▸ **What is expected**
Start at the line with "Buty zimowe męskie" in the records below, stop at the line with "Women's 207 Vintage", and return every line in that span exactly, the two end lines included.

(Collection entries)
= Beginning of Section =
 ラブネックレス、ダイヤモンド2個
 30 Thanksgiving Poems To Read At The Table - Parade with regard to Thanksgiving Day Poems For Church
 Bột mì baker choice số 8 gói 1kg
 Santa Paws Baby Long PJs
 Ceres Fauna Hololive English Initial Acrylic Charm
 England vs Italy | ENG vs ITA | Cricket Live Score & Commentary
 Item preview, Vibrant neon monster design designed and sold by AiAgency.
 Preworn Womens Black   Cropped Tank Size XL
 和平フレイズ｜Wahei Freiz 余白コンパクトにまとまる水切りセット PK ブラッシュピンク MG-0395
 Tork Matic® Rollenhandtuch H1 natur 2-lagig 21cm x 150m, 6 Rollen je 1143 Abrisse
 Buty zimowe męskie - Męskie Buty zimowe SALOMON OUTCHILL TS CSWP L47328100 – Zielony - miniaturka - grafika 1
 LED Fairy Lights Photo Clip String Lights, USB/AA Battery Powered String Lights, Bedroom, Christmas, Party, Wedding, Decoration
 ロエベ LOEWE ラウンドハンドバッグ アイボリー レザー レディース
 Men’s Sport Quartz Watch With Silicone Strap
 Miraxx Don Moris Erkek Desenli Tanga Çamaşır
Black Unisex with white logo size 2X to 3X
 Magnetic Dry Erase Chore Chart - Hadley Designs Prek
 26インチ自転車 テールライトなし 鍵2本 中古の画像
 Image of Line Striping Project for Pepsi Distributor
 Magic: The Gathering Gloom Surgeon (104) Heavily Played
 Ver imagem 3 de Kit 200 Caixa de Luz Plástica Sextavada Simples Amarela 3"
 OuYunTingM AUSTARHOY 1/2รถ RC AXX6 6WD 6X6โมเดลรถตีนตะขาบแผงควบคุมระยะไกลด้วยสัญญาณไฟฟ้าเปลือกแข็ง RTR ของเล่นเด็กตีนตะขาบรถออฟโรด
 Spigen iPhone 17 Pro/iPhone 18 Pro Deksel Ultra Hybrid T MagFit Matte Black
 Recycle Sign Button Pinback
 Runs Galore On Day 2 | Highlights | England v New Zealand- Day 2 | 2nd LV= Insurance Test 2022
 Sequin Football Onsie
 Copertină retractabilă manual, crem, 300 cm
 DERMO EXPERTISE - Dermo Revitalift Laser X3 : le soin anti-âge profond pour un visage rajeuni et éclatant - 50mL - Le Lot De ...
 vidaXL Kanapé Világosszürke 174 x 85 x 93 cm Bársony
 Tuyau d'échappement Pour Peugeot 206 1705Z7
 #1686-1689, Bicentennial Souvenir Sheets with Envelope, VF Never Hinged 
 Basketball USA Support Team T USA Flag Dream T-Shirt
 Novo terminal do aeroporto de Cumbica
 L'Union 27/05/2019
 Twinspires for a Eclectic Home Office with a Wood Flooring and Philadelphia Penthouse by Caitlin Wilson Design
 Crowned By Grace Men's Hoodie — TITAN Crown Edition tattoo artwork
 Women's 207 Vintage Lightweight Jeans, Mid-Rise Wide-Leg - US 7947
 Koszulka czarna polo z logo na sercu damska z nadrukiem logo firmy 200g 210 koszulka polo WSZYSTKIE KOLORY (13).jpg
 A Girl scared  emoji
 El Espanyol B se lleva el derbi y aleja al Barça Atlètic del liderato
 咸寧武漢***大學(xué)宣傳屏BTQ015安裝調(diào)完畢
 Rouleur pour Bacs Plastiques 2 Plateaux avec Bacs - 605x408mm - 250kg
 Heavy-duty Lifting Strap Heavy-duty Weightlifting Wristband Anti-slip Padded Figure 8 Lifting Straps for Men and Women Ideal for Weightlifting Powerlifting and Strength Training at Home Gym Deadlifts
= End of Section =
▸ **Exercise output**
 Buty zimowe męskie - Męskie Buty zimowe SALOMON OUTCHILL TS CSWP L47328100 – Zielony - miniaturka - grafika 1
 LED Fairy Lights Photo Clip String Lights, USB/AA Battery Powered String Lights, Bedroom, Christmas, Party, Wedding, Decoration
 ロエベ LOEWE ラウンドハンドバッグ アイボリー レザー レディース
 Men’s Sport Quartz Watch With Silicone Strap
 Miraxx Don Moris Erkek Desenli Tanga Çamaşır
Black Unisex with white logo size 2X to 3X
 Magnetic Dry Erase Chore Chart - Hadley Designs Prek
 26インチ自転車 テールライトなし 鍵2本 中古の画像
 Image of Line Striping Project for Pepsi Distributor
 Magic: The Gathering Gloom Surgeon (104) Heavily Played
 Ver imagem 3 de Kit 200 Caixa de Luz Plástica Sextavada Simples Amarela 3"
 OuYunTingM AUSTARHOY 1/2รถ RC AXX6 6WD 6X6โมเดลรถตีนตะขาบแผงควบคุมระยะไกลด้วยสัญญาณไฟฟ้าเปลือกแข็ง RTR ของเล่นเด็กตีนตะขาบรถออฟโรด
 Spigen iPhone 17 Pro/iPhone 18 Pro Deksel Ultra Hybrid T MagFit Matte Black
 Recycle Sign Button Pinback
 Runs Galore On Day 2 | Highlights | England v New Zealand- Day 2 | 2nd LV= Insurance Test 2022
 Sequin Football Onsie
 Copertină retractabilă manual, crem, 300 cm
 DERMO EXPERTISE - Dermo Revitalift Laser X3 : le soin anti-âge profond pour un visage rajeuni et éclatant - 50mL - Le Lot De ...
 vidaXL Kanapé Világosszürke 174 x 85 x 93 cm Bársony
 Tuyau d'échappement Pour Peugeot 206 1705Z7
 #1686-1689, Bicentennial Souvenir Sheets with Envelope, VF Never Hinged 
 Basketball USA Support Team T USA Flag Dream T-Shirt
 Novo terminal do aeroporto de Cumbica
 L'Union 27/05/2019
 Twinspires for a Eclectic Home Office with a Wood Flooring and Philadelphia Penthouse by Caitlin Wilson Design
 Crowned By Grace Men's Hoodie — TITAN Crown Edition tattoo artwork
 Women's 207 Vintage Lightweight Jeans, Mid-Rise Wide-Leg - US 7947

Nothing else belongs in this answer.